# Aim of the exercise
Without the pictures, copy all of the data exactly.

# Extracted information
★ ★ ★ ★ ★ ★ ★

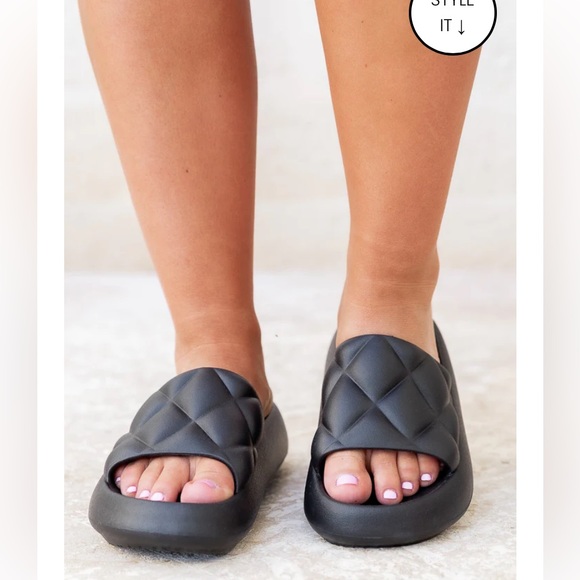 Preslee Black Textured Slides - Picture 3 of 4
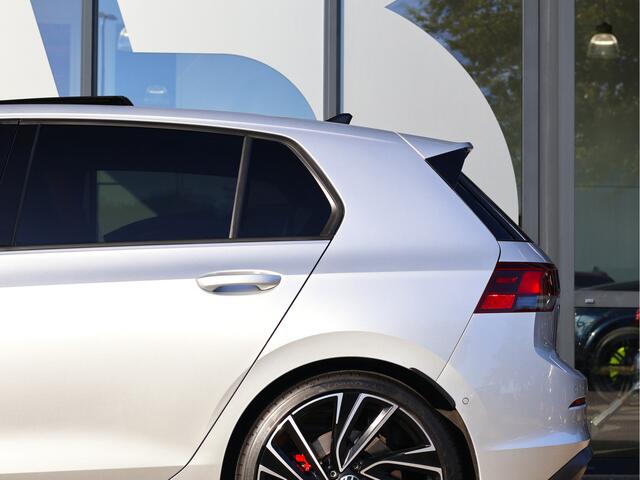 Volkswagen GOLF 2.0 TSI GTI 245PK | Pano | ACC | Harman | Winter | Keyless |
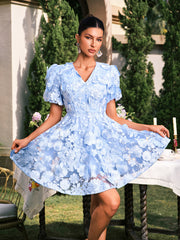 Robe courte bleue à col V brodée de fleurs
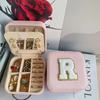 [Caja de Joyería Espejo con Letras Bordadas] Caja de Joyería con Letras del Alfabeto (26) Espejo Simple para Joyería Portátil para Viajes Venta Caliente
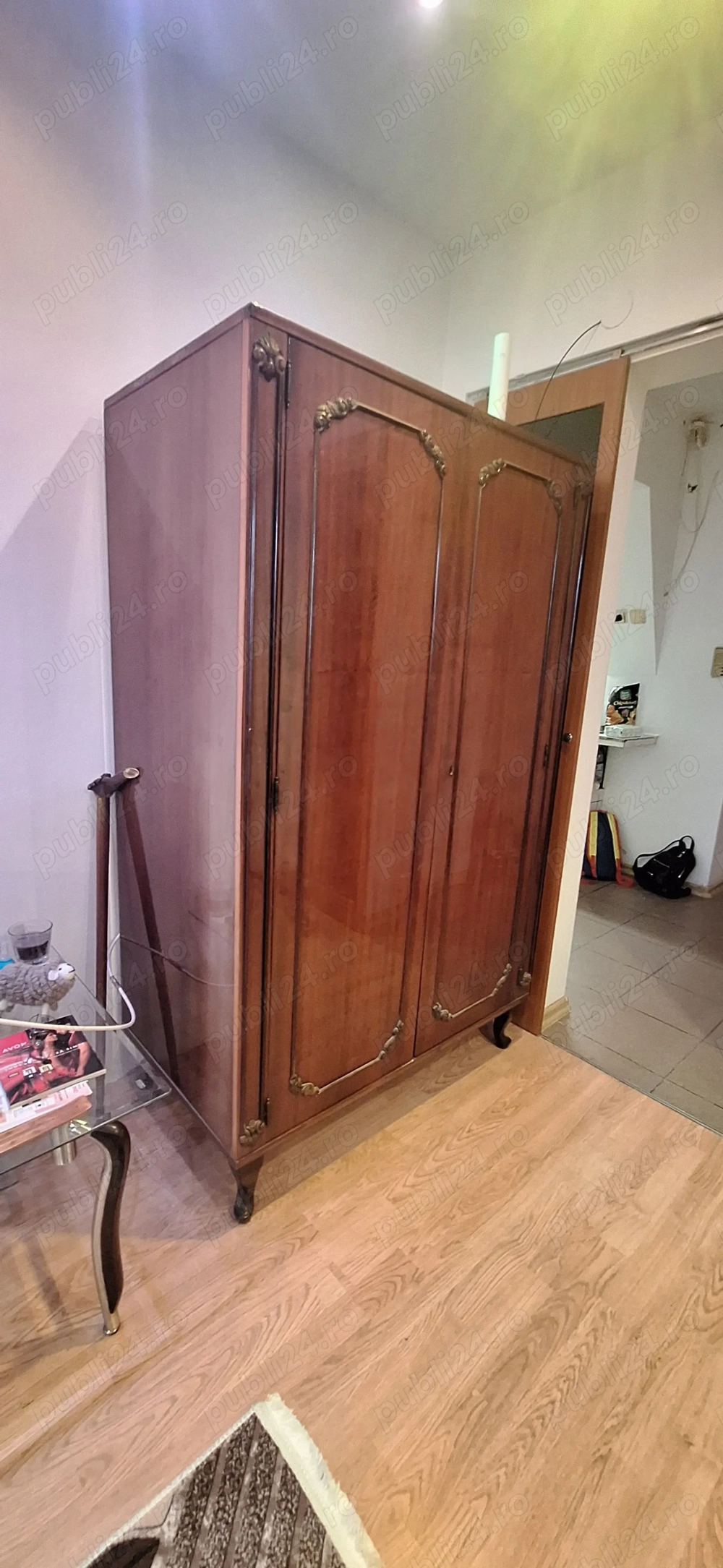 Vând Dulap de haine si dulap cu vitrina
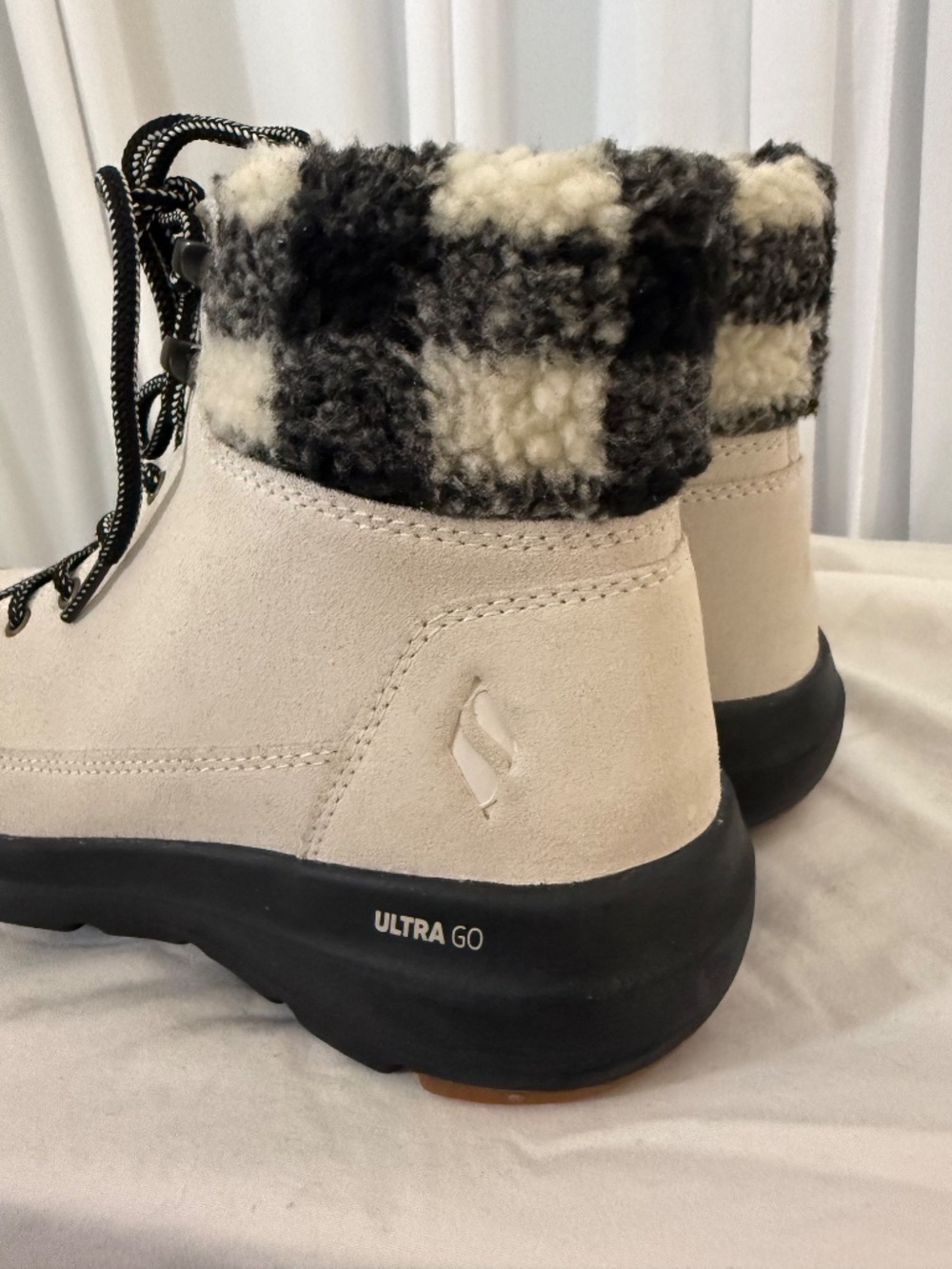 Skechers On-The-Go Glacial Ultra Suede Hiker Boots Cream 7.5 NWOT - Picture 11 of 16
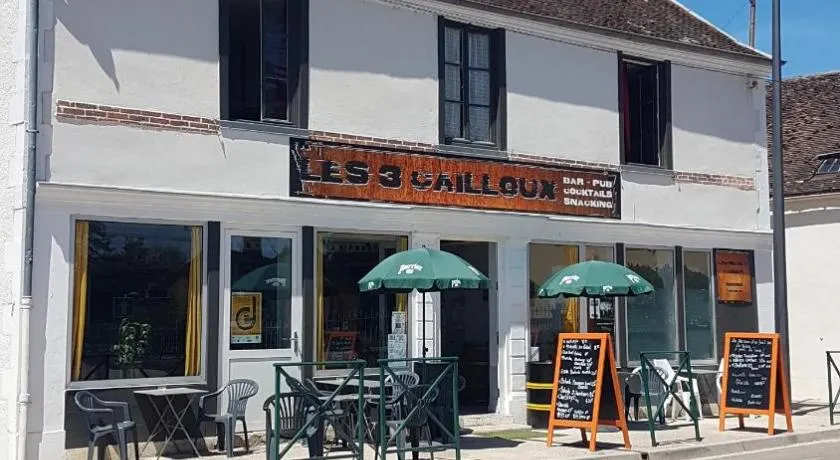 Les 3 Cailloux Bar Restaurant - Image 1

★ ★ ★ ★ ★ ★ ★

# Written response
 Preslee Black Textured Slides - Picture 3 of 4
 Volkswagen GOLF 2.0 TSI GTI 245PK | Pano | ACC | Harman | Winter | Keyless |
 Robe courte bleue à col V brodée de fleurs
 [Caja de Joyería Espejo con Letras Bordadas] Caja de Joyería con Letras del Alfabeto (26) Espejo Simple para Joyería Portátil para Viajes Venta Caliente
 Vând Dulap de haine si dulap cu vitrina
 Skechers On-The-Go Glacial Ultra Suede Hiker Boots Cream 7.5 NWOT - Picture 11 of 16
 Les 3 Cailloux Bar Restaurant - Image 1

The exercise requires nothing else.